S’adressant à Al-Safa News, Georges Sleiman — producteur local de sel et originaire d’Anfé — alerte : « On reparle d’un projet immobilier qui occuperait 900 000 m²… ne laissant que 80 000 m² pour le monastère et les salines. » Ce projet, bien qu’encore non officialisé, pourrait mettre en péril un héritage culturel et écologique unique. Sleiman dénonce également les menaces environnementales, notamment les dépôts de déchets près du rivage et la réduction des écosystèmes vitaux, menaçant directement la production de sel et la biodiversité locale.

Outre les pressions urbanistiques, les salines font face à des défis économiques et climatiques. L’an dernier, les producteurs ont perdu environ 20 % de leur rendement à cause du dérèglement climatique : des saisons plus courtes, des nuages plus denses, entravant le processus naturel d’évaporation. Produire une tonne de sel local coûte environ 125 dollars, alors que le sel importé se vend à moins de 100 dollars sur le marché libanais, plaçant les producteurs locaux dans une concurrence inéquitable.
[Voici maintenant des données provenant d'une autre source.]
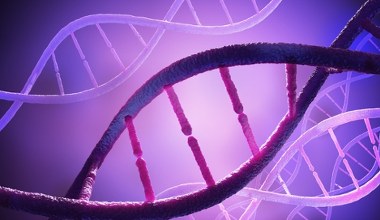 "Jama czaszek". Badania DNA doprowadziły do zaskakujących wniosków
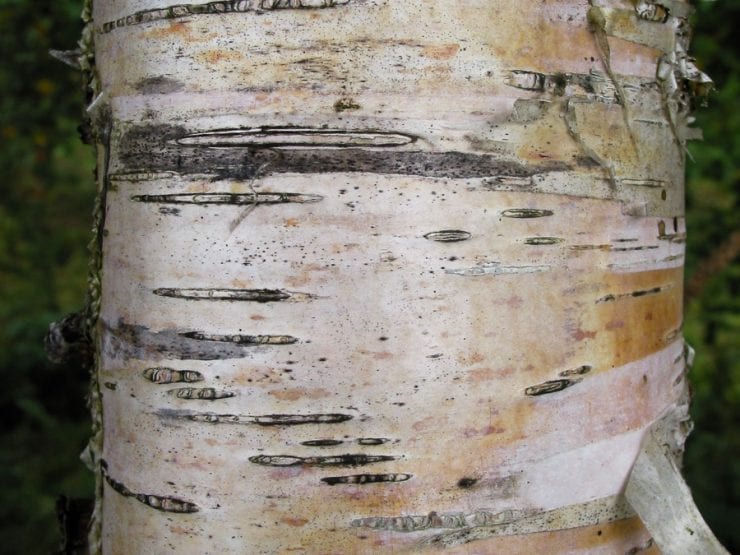 downy-birch-bark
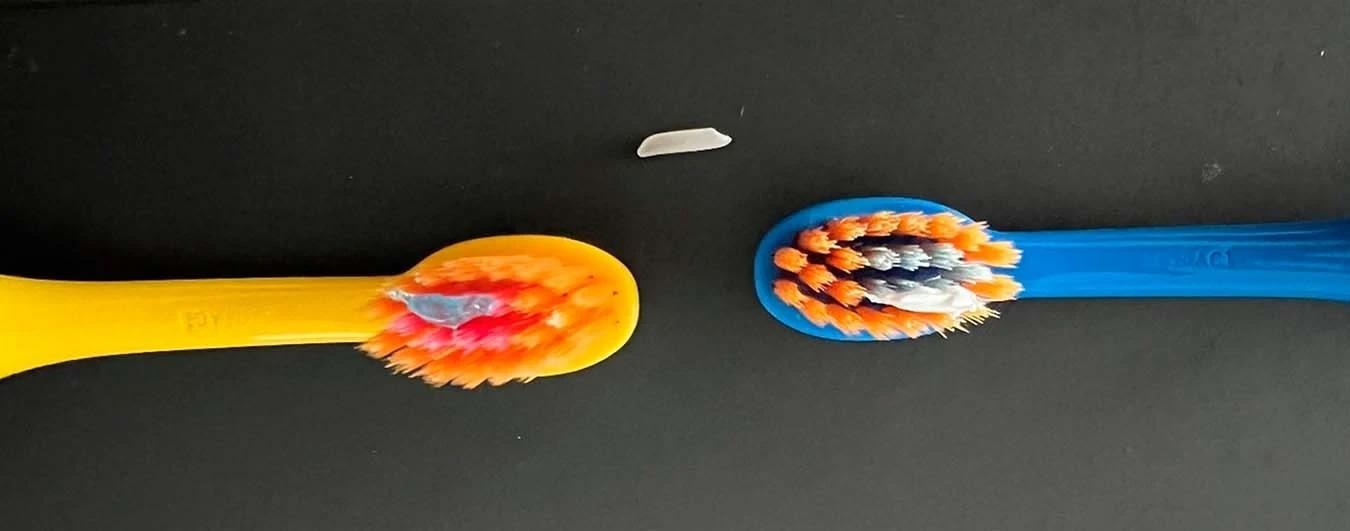 צילום מינוני הייחוס (כלומר, כמות של משחת שיניים בגודל גרגר אורז כמומלץ למשחות שיניים לילדים עד 24 חודשים עם 1000 ppm פלואוריד) של משחת שיניים A (משמאל) ומשחת שיניים B (ימין) על מברשות שיניים לילדים.  גרגר אורז טבעי שימש כמודל.  שתי הכמויות ניתנו על ידי רופא שיניים מנוסה.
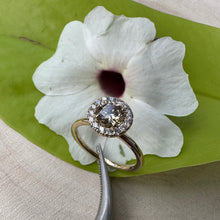 Load image into Gallery viewer, Halo ring in 14 ct. gold with 0,69 tcw. natural diamonds
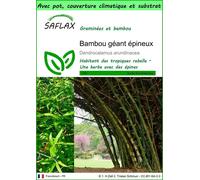 SAFLAX Garden to go - Bambou géant épineux - 50 graines - Dendrocalamus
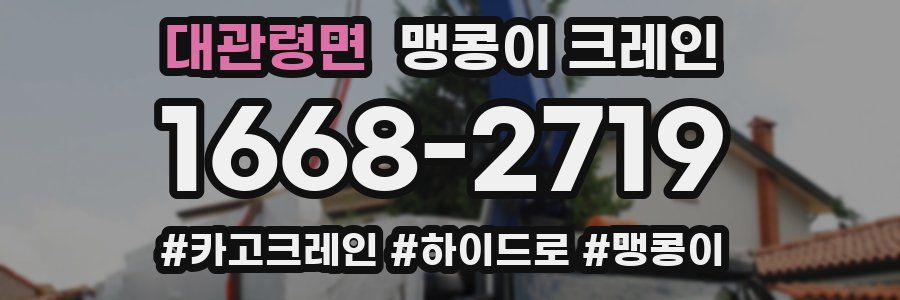 대관령면 맹콩이 크레인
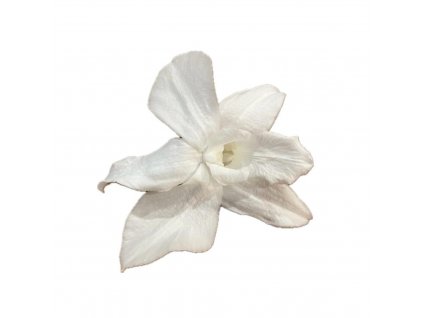 Stabilizovane kvety Orchidea Dendrobium - biele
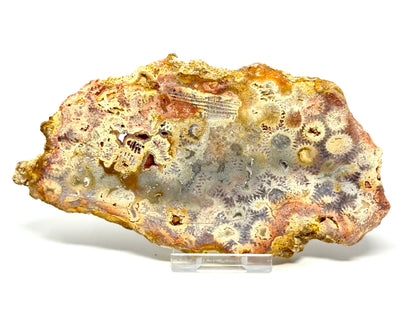 Large Fossil Coral Slice 15.2cm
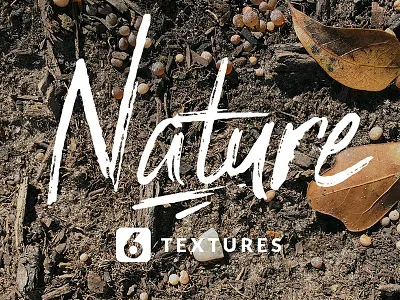 Texture Pack - Nature adventure bark beach dirt foliage forest grass leaves nature outdoor rock texture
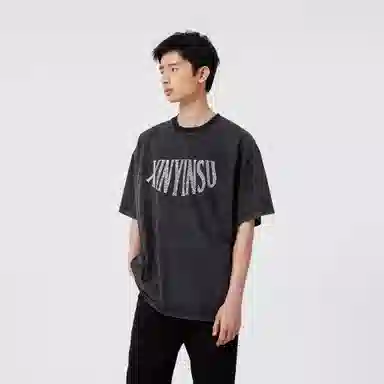 XINYINSU T
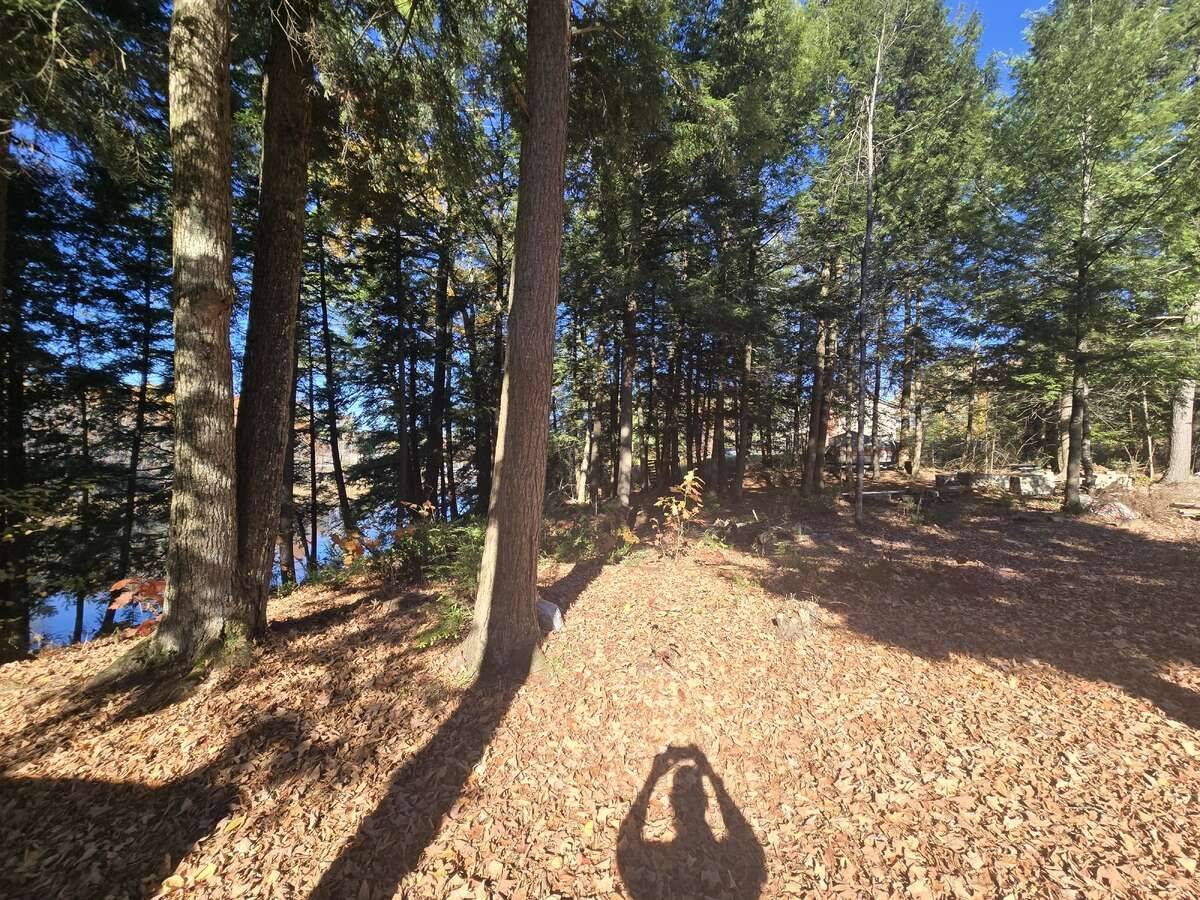 Lot 14 Laidlaw AVE, Gravenhurst, ON L0K 2B0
Plus préoccupant encore, selon Sleiman, est l’absence de reconnaissance officielle de cette industrie : « Personne ne sait si les salines relèvent du ministère de l’Agriculture, des Travaux publics ou de la Culture », ce qui les expose à la négligence et aux abus.

Malgré ces défis, Anfé continue d’incarner une opportunité exemplaire pour construire un projet touristique et de développement équilibré. Ici, l’écotourisme n’est pas qu’un loisir, mais une expérience profonde fondée sur la relation entre l’homme, la nature, le sel et la pierre. Des courts-métrages documentaires sur Anfé ont été présentés dans des festivals internationaux, contribuant à faire découvrir au monde cette petite ville nichée entre mer et mémoire.

Ce dont Anfé a besoin aujourd’hui, ce ne sont pas de vastes projets immobiliers ni de transformations urbaines invasives, mais d’une reconnaissance officielle de ses salines comme sites patrimoniaux et industriels majeurs. Elle a besoin d’un plan global qui renforce son attrait éco-culturel tout en assurant la pérennité et la modernisation de sa production de sel. Un développement authentique ne se construit pas sur les ruines de la mémoire, mais sur un socle solide de patrimoine, d’où peuvent émerger les visions économiques, sociales et environnementales de demain.

Anfé n’est pas une ville ordinaire — c’est un laboratoire vivant du tourisme durable au Liban. Un modèle harmonieux où beauté naturelle et héritage culturel rencontrent artisanat traditionnel et identité collective. Si elle est bien gérée, Anfé pourrait bien devenir une rare success-story libanaise à une époque où ces histoires se font rares.